A private investor is preparing to bring to market two adjoining parcels of land at 210 O’Riordan Street, a prominent corner holding with three street frontages, positioned immediately before Sydney Airport, with price expectations north of $30 million.
The site’s standout appeal lies not only in its airport-adjacent gateway positioning, but in the strength and maturity of its existing planning approvals. The corner site is underpinned by an approved DA for a 13-storey commercial office tower, providing an FSR of 7.28:1. The approval accommodates approximately 10,800 sqm of office space supported by around 187 car spaces, on a site area of approximately 2,100 sqm.
Importantly, the office approval has achieved physical commencement status, approved in Land & Environment Court, providing a level of delivery certainty that is increasingly rare in Sydney’s current planning environment.
The approved scheme is effectively a boundary-to-boundary building, fully utilising the site and underpinning its value for buyers who place weight on approved density rather than speculative outcomes.
The offering also includes an adjoining parcel of approximately 1,100 sqm, which is being marketed together with the corner site to provide future flexibility. With its own DA in place, this site can either be integrated or activated as a free-standing development.
Over the past decade, Mascot has evolved into one of Sydney’s most active mixed-use precincts, underpinned by direct airport access, major road and rail connectivity and a substantial surrounding employment and residential catchment.
That evolution has occurred against a backdrop of severe land scarcity, with employment-zoned land effectively exhausted and competition intensifying for sites capable of accommodating scale, intensity and long-term optionality.
Tom Barnier of Cushman & Wakefield, who is selling the site with colleagues Nick Mallett and Jake Smith, said the depth of planning optionality and gateway positioning sets the opportunity apart.

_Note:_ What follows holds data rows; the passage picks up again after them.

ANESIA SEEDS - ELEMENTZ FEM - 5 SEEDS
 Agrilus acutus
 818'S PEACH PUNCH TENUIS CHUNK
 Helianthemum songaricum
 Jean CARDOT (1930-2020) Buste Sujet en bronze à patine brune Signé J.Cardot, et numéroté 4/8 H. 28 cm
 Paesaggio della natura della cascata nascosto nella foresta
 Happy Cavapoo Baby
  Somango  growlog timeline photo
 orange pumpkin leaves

“With a physically commenced approval on a corner site of this calibre, buyers are acquiring something increasingly difficult to replicate,” Mr Barnier said.
“Developers assess value through approved density and certainty, and this site offers both, alongside genuine flexibility around how and when capital is deployed.”
Development pipelines across Sydney have moderated as construction costs, financing conditions and risk appetite recalibrate. In that environment, sites that already carry approvals and allow owners to respond to demand cycles, rather than force immediate delivery, are increasingly favoured.
Nick Mallett of Cushman & Wakefield said the opportunity represents a strategic foothold rather than a single-use proposition.
“This is a gateway site with real substance behind it. The approvals in place provide clarity, while the broader holding allows buyers to think strategically about future outcomes as the market evolves.”
Jake Smith of Cushman & Wakefield said early interest has come from private developers, offshore capital and planning-led investors who understand the scarcity of last-mile sites adjoining major infrastructure nodes.
“This opportunity is grounded in what already exists, the location, the approvals and the planning certainty,” Mr Smith said.
210 O’Riordan Street, Mascot is being offered for sale via an Expressions of Interest campaign opening in February 2026 through Tom Barnier, Nick Mallett and Jake Smith of Cushman & Wakefield, in conjunction with Peter Anderson of Peter Anderson Real Estate.